It's Dativ because of the implied, unspoken "to": "Should we wish luck [to] him?"
"we" is the subject/actor, thus Nominativ
"should wish" is, of course, the verb
"luck" is the direct object, the thing we are or should be wishing, thus Akkusativ
"him" is the indirect object, thus Dativ, and could take the preposition "to"
I also think so. But when I wrote "Should we wish fortune to him?" the preposition "to" was signed as a mistake. :(
I believe there is a slight, nearly insignificant difference between "should" and "supposed to". I think that should is more along the lines of something you think is a good idea to do, whereas "supposed to" is closer to someone expects you to do something. The examples below might clarify a little more. Should: "My room is messy. I should clean it." "It's getting late. I should go soon." Supposed to: "We are supposed to sign in when we go to the doctor's office." "I am supposed to take these pills twice a day." I know it's confusing, and the difference is miniscule, but I hope this clarified.
You have a valid gripe. One of the meanings of the modal auxiliary "sollen" is "suppose to" as in the sentence: "Er soll sehr reich sein". ("He's supposed to be very rich.") So, lacking context, your translation of "Are we supposed to...." should have been accepted.
Any German-English grammar worth its salt will tell you "ought to" is a perfectly good synonym for "should", depending on context. Peter.ws.n. had it almost right. Had he translated the sentence "Ought we TO wish....", he'd have been spot-on.
I think my own colloquial brand of English had me unconsciously drop the "to" in the sentence.
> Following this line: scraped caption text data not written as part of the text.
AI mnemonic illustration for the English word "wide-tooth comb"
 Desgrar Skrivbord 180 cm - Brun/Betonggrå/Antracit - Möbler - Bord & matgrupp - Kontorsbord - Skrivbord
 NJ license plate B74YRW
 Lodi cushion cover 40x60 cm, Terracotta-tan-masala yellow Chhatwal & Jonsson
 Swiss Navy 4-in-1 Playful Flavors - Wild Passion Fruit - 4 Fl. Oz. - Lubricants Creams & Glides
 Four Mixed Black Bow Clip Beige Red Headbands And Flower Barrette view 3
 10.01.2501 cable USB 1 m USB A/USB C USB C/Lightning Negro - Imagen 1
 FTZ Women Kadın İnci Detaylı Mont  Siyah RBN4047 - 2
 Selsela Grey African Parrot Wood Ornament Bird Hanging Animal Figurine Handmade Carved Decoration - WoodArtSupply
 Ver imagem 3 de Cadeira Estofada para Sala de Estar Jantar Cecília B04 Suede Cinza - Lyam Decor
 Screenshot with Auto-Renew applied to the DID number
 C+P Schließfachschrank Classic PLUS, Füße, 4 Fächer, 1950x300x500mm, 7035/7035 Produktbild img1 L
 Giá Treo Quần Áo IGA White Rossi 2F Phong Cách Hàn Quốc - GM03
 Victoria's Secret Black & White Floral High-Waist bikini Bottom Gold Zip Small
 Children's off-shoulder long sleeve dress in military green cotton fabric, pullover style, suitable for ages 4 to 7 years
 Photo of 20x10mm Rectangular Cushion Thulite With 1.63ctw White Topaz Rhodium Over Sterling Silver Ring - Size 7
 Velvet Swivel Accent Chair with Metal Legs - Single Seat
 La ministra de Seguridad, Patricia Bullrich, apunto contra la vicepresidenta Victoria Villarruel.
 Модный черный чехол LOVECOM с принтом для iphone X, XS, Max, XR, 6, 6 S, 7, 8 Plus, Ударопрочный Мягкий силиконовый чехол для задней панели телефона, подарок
Thanks for the feedback!
Wouldn't the exact translation of the English "should we" be "sollten wir"? Now the English one is in the conditional and German one in the indicative... I translated is as "have to" (was marked wrong), but I think the meaning with "have to" is more like "Do we really have to... (=we don't want)". Is there a better English verb or must I just accept the difference in the mood?
Why isn't it "Shall we wish him luck"? I thought soll=shall and sollte=should?
I have't seen an good answer to this in this blog yet. When I use Google Translate, it uses "sollen" as "shall" and "sollten" as "should" in this sentence.
WHY? WHY DO YOU THROW THIS CURVEBALL AT ME DURING THE PRETERITE LESSON? CURSE YOU DUOOOOO!
'should we wish luck to him' is not accepted is it wrong to say this in english
yes it is not said that way. even though "him" is the indirect object it does not require use of "to", and the "him" must precede "luck". Your suggested wording would be understood OK but would sound strange
I would like to wish him fortune, or even God's blessing. fortune/luck close enough for ...
Why is "should we wish him happiness " not accepted? Is that not something you'd say on English?
No, congratulating is what happens after he does something good--it tells him that he did a good job. Wishing him luck happens before he does something--a hope that he does it well.
I thought this was either should we congratulate him or should we wish him luck. I went with the first, so now I'm wondering how I should actually say, should we congratulate him ^_^
should we congratulate him? = sollten wir ihm gratulieren? (ihm = dat./ind. obj)
one might say "sollten wir ihn beglückwünschen" (ihn = acc./direct object), but that's very stiff/formal.
The only two-syllable sep
arable verb prefixes are vorbei und zurück. Es gibt eins mit drei Silben: zusammen. All the rest have only one syllable.
So, you might reasonably ask: then would beglückwünschen be separable at the be-? Da ist die Anwort auch "Nein". The be- prefix is one of several INseparable prefixes.
But you can learn much more from Nancy Thuleen's site than from me.
Does this have the same general meaning of wishing him success, or a good outcome, like in English? Or does it only refer to situation involving literal luck (as in chance)?
Please read my response to Markus1957 and the response to kitt-katt answering the same question.
Actually, "Shall we wish him well" is different--that would be more likely in a situation where the speakers are parting (cf. "farewell"). The sentence here, "Should we wish him luck," is more broad in its usages--it can be used in any situation where the speaker believes that "he" needs luck/encouragement.